A questo proposito, Massimo Vacchetta, il Medico Veterinario che dirige il Centro Ricci La Ninna di Novello, nel cuneese, dichiara:

“Se non faremo nulla per fermare il declino di questa specie, i ricci si estingueranno in 10-20 anni. Se sono ad un passo dall’estinzione animali così comuni, i prossimi saremo noi, perché siamo – a tutti gli effetti – ad un passo dalla sesta estinzione di massa. Il nostro dovere è proteggerli, perché dalla salute dei ricci dipende anche la nostra sopravvivenza”.

Per documentare i numeri di questa emergenza, il Centro Ricci di Novello (Cuneo) ha avviato una collaborazione con il Dipartimento di Scienze Veterinarie dell’Università di Torino (DSV) per indagare le cause di ricovero e morte dei ricci. La ricerca presto includerà altre università italiane (Teramo, Bari, Milano) ed europee.

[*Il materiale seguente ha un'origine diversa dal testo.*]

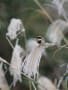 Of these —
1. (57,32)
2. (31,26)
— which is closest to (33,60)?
(57,32)

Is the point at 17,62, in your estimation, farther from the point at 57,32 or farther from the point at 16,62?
the point at 57,32

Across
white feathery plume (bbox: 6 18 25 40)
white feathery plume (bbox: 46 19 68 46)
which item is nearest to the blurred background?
white feathery plume (bbox: 46 19 68 46)

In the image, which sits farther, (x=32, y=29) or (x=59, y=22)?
(x=32, y=29)

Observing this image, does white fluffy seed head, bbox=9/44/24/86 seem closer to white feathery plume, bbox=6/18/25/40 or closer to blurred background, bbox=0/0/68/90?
white feathery plume, bbox=6/18/25/40

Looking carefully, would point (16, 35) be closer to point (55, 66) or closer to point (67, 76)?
point (67, 76)

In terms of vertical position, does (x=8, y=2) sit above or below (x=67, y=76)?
above

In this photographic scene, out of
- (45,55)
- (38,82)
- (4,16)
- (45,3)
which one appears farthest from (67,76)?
(4,16)

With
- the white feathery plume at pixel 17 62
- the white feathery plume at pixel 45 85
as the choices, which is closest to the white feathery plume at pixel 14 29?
the white feathery plume at pixel 17 62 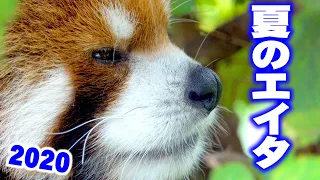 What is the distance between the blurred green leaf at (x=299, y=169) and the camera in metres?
1.33

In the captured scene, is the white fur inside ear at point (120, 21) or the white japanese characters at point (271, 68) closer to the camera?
the white fur inside ear at point (120, 21)

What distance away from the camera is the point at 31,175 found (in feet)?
4.30

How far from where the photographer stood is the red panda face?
125 cm

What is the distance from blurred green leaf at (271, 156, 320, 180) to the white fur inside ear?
52 cm

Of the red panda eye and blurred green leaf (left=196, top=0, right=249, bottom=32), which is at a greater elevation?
blurred green leaf (left=196, top=0, right=249, bottom=32)

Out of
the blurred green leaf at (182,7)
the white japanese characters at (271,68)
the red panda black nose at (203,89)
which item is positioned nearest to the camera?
the red panda black nose at (203,89)

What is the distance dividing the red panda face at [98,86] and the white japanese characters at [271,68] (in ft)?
0.51

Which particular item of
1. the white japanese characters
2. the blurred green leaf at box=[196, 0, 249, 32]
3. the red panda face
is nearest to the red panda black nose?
the red panda face

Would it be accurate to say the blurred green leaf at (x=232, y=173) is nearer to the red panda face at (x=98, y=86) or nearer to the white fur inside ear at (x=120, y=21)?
the red panda face at (x=98, y=86)

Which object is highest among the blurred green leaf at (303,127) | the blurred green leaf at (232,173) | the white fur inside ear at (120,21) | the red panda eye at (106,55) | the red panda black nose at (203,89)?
the white fur inside ear at (120,21)

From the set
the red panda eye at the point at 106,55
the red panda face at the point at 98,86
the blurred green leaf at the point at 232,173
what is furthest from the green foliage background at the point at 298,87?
the red panda eye at the point at 106,55

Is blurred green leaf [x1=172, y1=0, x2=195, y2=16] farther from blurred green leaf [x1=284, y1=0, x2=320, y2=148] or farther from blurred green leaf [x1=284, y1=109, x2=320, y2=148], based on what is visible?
blurred green leaf [x1=284, y1=109, x2=320, y2=148]

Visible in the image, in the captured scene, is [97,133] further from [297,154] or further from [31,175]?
[297,154]

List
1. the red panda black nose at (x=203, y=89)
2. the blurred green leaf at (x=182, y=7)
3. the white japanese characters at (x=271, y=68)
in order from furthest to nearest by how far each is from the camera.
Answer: the blurred green leaf at (x=182, y=7) < the white japanese characters at (x=271, y=68) < the red panda black nose at (x=203, y=89) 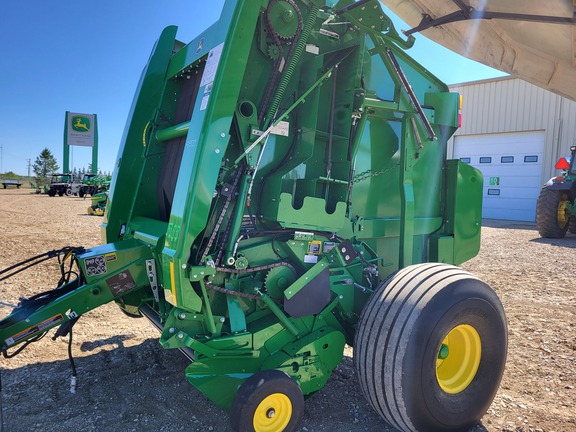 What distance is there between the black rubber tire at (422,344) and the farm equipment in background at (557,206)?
9.72m

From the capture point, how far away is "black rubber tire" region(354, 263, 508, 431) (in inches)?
94.3

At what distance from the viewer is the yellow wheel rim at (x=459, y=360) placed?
2742 millimetres

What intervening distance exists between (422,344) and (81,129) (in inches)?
900

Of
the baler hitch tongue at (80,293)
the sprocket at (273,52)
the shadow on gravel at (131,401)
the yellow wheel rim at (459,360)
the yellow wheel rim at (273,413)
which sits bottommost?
the shadow on gravel at (131,401)

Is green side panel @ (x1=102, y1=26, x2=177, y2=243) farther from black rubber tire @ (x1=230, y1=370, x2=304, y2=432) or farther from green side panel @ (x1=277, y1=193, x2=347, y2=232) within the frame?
black rubber tire @ (x1=230, y1=370, x2=304, y2=432)

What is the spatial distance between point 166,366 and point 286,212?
176 centimetres

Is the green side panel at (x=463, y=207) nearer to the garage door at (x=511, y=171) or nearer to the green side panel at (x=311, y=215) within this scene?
the green side panel at (x=311, y=215)

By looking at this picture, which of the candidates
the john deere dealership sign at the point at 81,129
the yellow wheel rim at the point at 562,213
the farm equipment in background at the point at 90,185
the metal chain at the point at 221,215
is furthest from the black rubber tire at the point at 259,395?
the farm equipment in background at the point at 90,185

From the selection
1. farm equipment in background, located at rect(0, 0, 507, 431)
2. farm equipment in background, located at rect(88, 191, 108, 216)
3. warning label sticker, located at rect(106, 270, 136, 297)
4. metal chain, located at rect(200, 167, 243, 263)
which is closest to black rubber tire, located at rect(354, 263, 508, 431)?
farm equipment in background, located at rect(0, 0, 507, 431)

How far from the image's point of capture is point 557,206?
436 inches

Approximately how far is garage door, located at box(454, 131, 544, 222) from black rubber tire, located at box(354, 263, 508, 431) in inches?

Il progetto, coordinato dalla professoressa Maria Teresa Capucchio, cercherà di mettere a punto i parametri del profilo metabolico ematico di questi piccoli mammiferi e indagherà gli agenti infettivi e parassitari che possono essere veicolati e potenzialmente pericolosi per i ricci e l’ambiente. Si cercherà, inoltre, di capire se, a seguito di periodi di ospedalizzazione di almeno 10-15 giorni, i ricci possono sviluppare resistenza agli antibiotici o modificare il proprio microbiota intestinale.

Saranno presi in considerazione i ricci ricoverati e deceduti presso il Centro Animali Non Convenzionali (C.A.N.C.) del DSV e quelli del Centro Recupero Ricci “La Ninna”.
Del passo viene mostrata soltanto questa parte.